» Required action
Starting at the line that holds "this 1092×1092 image.", quote every line through the end of the records, both boundary lines included. Omit the pictures.

» Exercise data
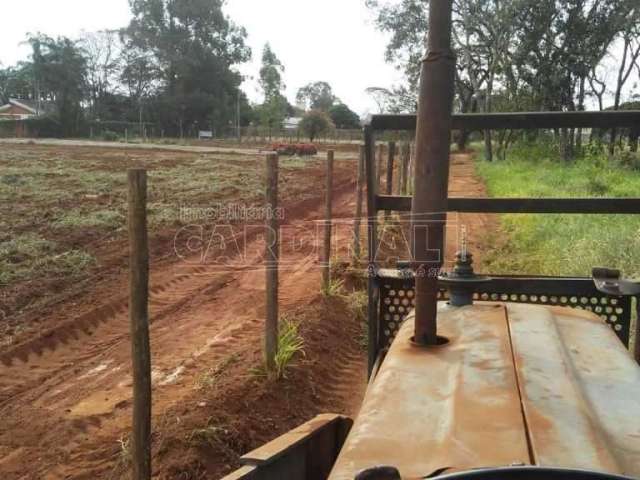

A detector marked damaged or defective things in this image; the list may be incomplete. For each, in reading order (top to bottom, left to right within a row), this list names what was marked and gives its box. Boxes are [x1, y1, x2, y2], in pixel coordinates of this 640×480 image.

rusty tractor hood [328, 306, 640, 478]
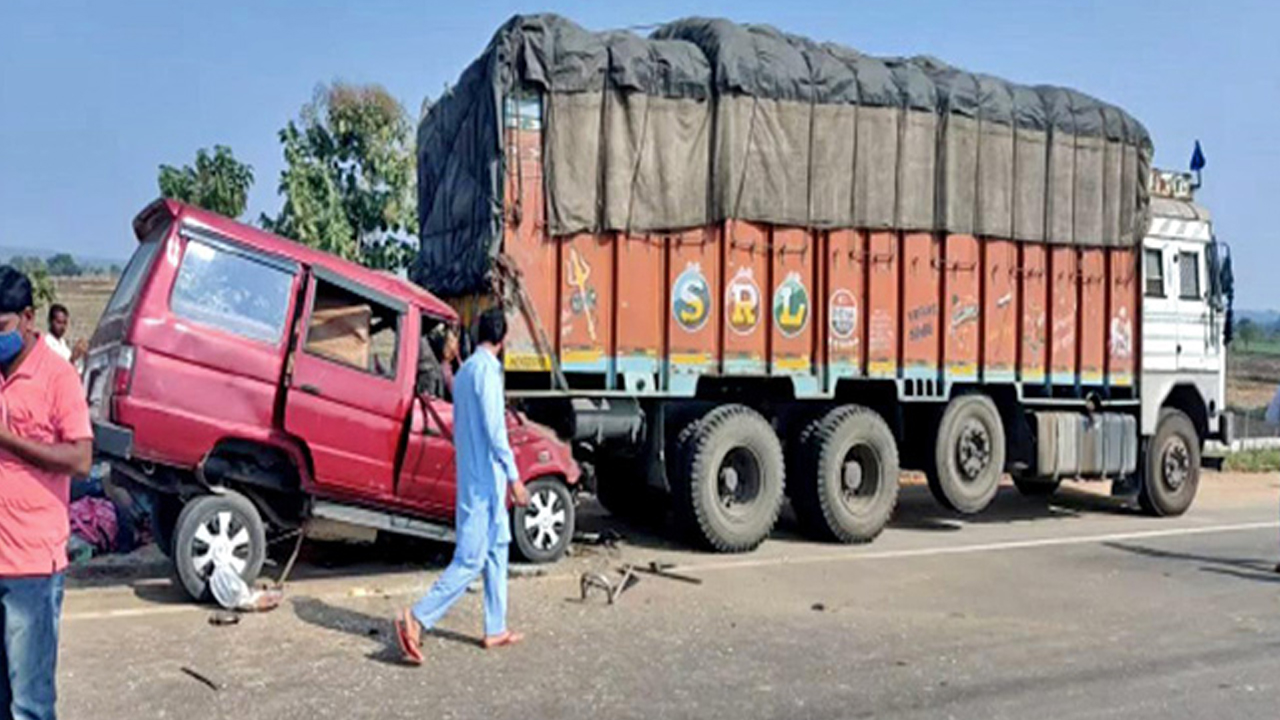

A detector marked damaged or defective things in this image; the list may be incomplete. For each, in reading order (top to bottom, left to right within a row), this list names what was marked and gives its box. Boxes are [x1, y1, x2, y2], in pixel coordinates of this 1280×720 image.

damaged red van [82, 198, 578, 597]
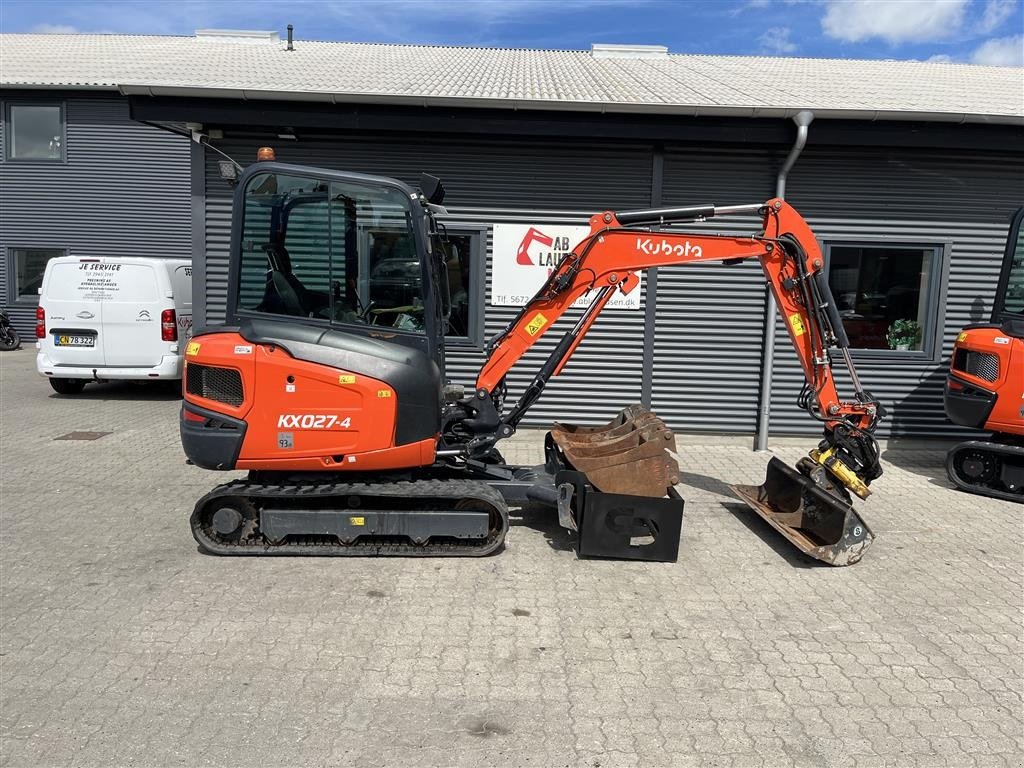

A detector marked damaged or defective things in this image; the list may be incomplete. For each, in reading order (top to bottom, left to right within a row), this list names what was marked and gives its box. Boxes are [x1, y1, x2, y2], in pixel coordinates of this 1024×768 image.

rusty bucket [733, 460, 876, 569]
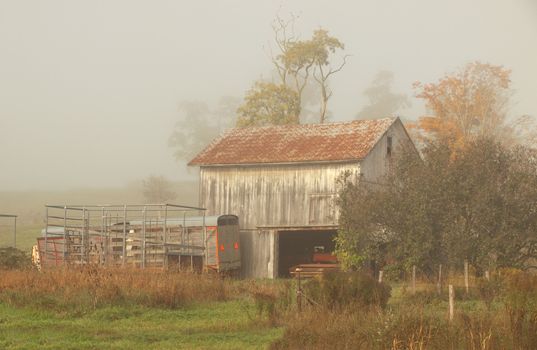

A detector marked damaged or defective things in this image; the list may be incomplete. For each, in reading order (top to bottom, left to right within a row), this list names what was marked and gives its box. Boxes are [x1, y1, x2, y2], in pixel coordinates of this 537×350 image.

rusty metal roof [187, 118, 394, 166]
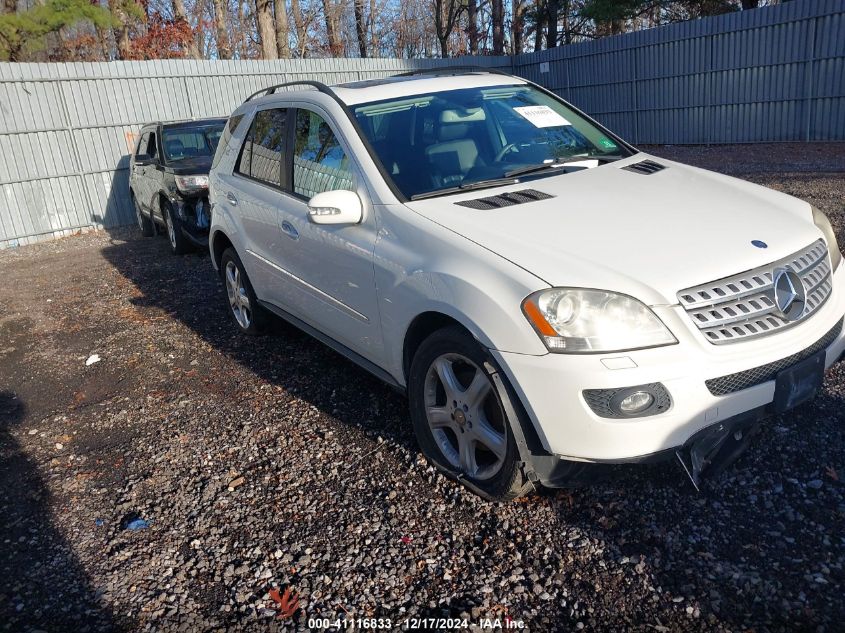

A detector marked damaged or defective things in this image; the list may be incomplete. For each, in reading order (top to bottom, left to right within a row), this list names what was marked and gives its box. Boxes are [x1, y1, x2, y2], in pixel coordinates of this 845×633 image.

damaged dark suv [130, 117, 226, 253]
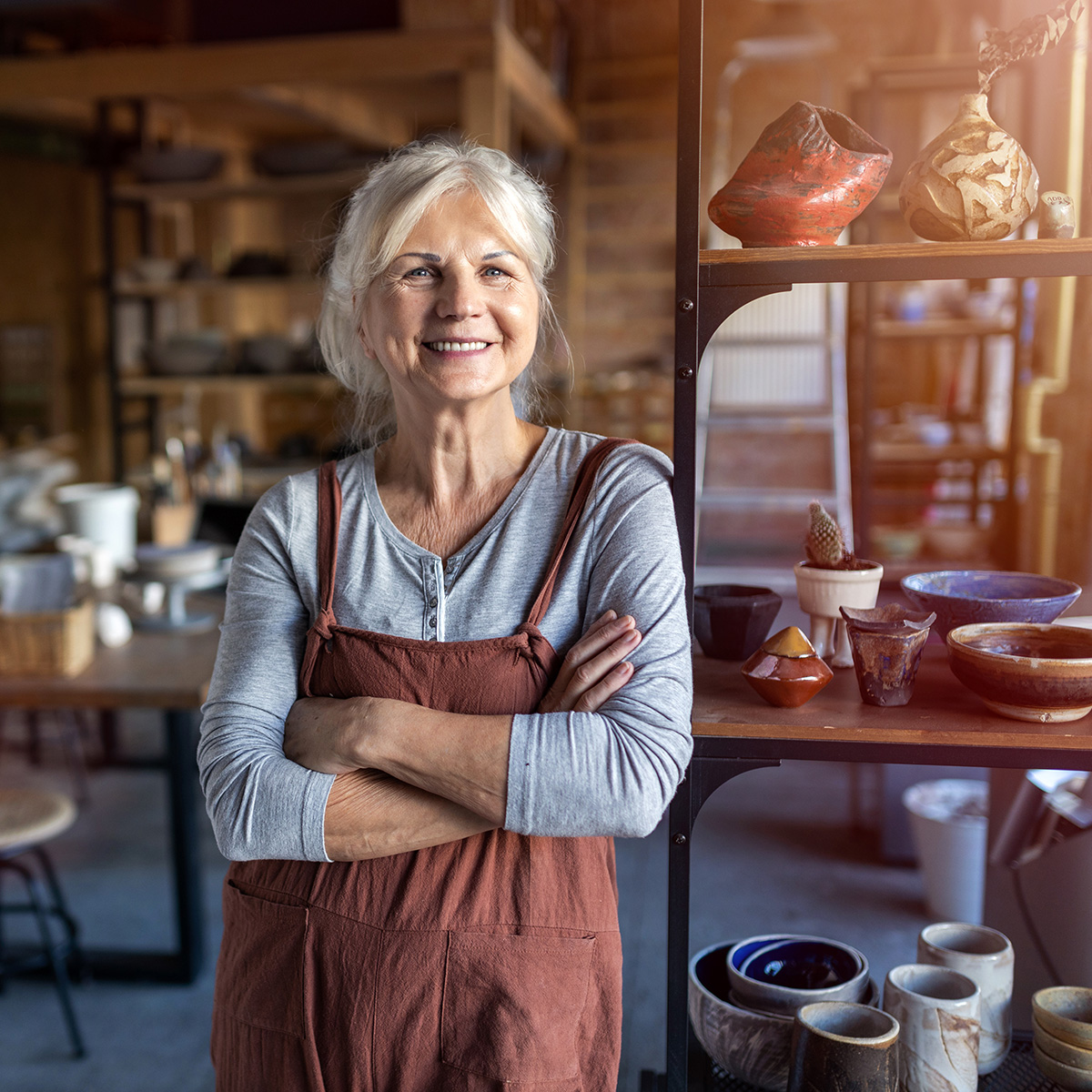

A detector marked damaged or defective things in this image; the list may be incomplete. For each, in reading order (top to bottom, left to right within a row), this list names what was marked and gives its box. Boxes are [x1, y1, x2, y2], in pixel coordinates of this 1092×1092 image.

rust linen apron [211, 439, 630, 1085]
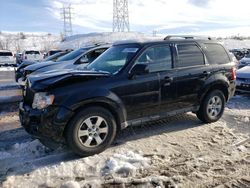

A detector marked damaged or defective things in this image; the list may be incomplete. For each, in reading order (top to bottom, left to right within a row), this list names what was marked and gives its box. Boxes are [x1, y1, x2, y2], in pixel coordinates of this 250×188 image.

crumpled hood [26, 69, 111, 91]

» Exercise output
A detector marked damaged or defective things in this image; the list may be incomplete. For each, in reading order (top to bottom, left to right within a row), this list names what was marked and gives its box. Boxes are [x1, y1, x2, y2], in pixel coordinates of this 1092×1092 image.

rust linen apron [211, 439, 630, 1085]

A detector marked damaged or defective things in this image; the list may be incomplete. For each, in reading order (top to bottom, left to right within a row), this list names what was marked and gives its box. Boxes are [x1, y1, x2, y2], in pixel coordinates of this 250×188 image.

crumpled hood [26, 69, 111, 91]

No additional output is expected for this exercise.